> [Work task] Please print, word for word, every line from the one that contains "Vend Caisson De Voiture" through the last line of the records, and nothing else.

[Task material — start]

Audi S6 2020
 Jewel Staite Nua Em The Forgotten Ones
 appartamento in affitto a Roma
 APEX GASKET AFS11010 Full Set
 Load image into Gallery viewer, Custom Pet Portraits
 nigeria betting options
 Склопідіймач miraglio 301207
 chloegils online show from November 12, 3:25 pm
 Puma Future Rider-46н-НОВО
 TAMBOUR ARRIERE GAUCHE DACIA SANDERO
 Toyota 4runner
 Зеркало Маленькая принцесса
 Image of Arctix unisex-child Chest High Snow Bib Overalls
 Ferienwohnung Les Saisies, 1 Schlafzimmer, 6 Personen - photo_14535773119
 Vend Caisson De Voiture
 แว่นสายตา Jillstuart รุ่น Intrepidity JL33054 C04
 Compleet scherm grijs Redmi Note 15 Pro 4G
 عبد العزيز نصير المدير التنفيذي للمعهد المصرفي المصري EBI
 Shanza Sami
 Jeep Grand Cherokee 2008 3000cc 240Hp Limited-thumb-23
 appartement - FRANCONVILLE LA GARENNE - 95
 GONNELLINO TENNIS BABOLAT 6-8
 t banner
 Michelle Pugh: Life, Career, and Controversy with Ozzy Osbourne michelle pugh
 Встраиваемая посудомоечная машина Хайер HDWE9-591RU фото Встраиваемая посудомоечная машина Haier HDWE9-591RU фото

[Task material — finish]

> [Written response]
 Vend Caisson De Voiture
 แว่นสายตา Jillstuart รุ่น Intrepidity JL33054 C04
 Compleet scherm grijs Redmi Note 15 Pro 4G
 عبد العزيز نصير المدير التنفيذي للمعهد المصرفي المصري EBI
 Shanza Sami
 Jeep Grand Cherokee 2008 3000cc 240Hp Limited-thumb-23
 appartement - FRANCONVILLE LA GARENNE - 95
 GONNELLINO TENNIS BABOLAT 6-8
 t banner
 Michelle Pugh: Life, Career, and Controversy with Ozzy Osbourne michelle pugh
 Встраиваемая посудомоечная машина Хайер HDWE9-591RU фото Встраиваемая посудомоечная машина Haier HDWE9-591RU фото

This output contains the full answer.